16.   Il convient en outre de tenir compte de certaines dispositions de la treizième directive pertinentes à l’espèce, à savoir son article 1er qui dispose:

«Au sens de la présente directive, on entend par:

1)       assujetti qui n’est pas établi sur le territoire de la Communauté, l’assujetti visé à l’article 4 paragraphe 1 de la directive 77/388/CEE qui, au cours de la période visée à l’article 3 paragraphe 1 de la présente directive, n’a eu sur ce territoire, ni le siège de son activité économique, ni un établissement stable à partir duquel les opérations sont effectuées, ni, à défaut d’un tel siège ou d’un tel établissement stable, son domicile ou sa résidence habituelle et qui, au cours de la même période, n’a effectué aucune livraison de biens ou prestation de services réputée se situer dans l’État membre visé à l’article 2 […]

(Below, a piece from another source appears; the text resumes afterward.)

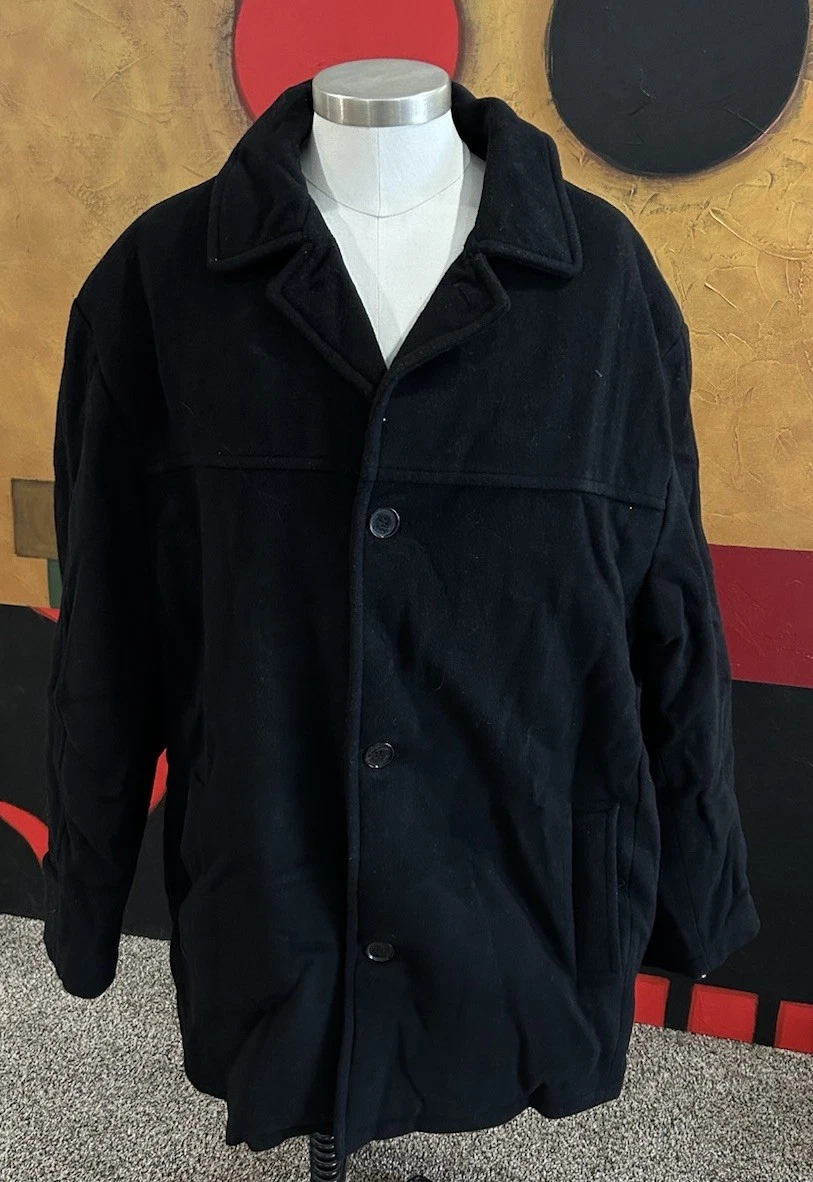 Andrew Marc New York Wool Cashmere Peacoat Jacket Over Coat Winter Mens XL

2)       territoire de la Communauté, les territoires des États membres où la directive 77/388/CEE est applicable.»

17.   L’article 2, paragraphe 1, de la treizième directive dispose:

«Sans préjudice des articles 3 et 4, chaque État membre rembourse à tout assujetti qui n’est pas établi sur le territoire de la Communauté, dans les conditions fixées ci-après, la taxe sur la valeur ajoutée ayant grevé des services qui lui sont rendus ou des biens meubles qui lui sont livrés à l’intérieur du pays par d’autres assujettis, ou ayant grevé l’importation de biens dans le pays, dans la mesure où ces biens et ces services sont utilisés pour les besoins des opérations visées à l’article 17 paragraphe 3 points a) et b) de la directive 77/388/CEE ou des prestations de services visées à l’article 1er point 1 sous b) de la présente directive.»

18.   C’est dans ces conditions que la High Court of Justice (England & Wales), Chancery Division, a décidé de poser les questions préjudicielles suivantes à la Cour:

«1)      Dans les circonstances de l’espèce et

2)      compte tenu de la sixième directive 77/388/CEE du Conseil, du 17 mai 1977, en matière d’harmonisation des législations des États membres relatives aux taxes sur le chiffre d’affaires – Système commun de taxe sur la valeur ajoutée: assiette uniforme, en particulier ses articles 2, 4 et 9, et de la treizième directive 86/560/CEE du Conseil, du 17 novembre 1986, en matière d’harmonisation des législations des États membres relatives aux taxes sur le chiffre d’affaires – Modalités de remboursement de la taxe sur la valeur ajoutée aux assujettis non établis sur le territoire de la Communauté, en particulier ses articles 1er et 2, et des principes généraux du droit communautaire:

1)      Comment convient-il d’interpréter l’expression ‘établissement stable’ figurant à l’article 9 de la sixième directive?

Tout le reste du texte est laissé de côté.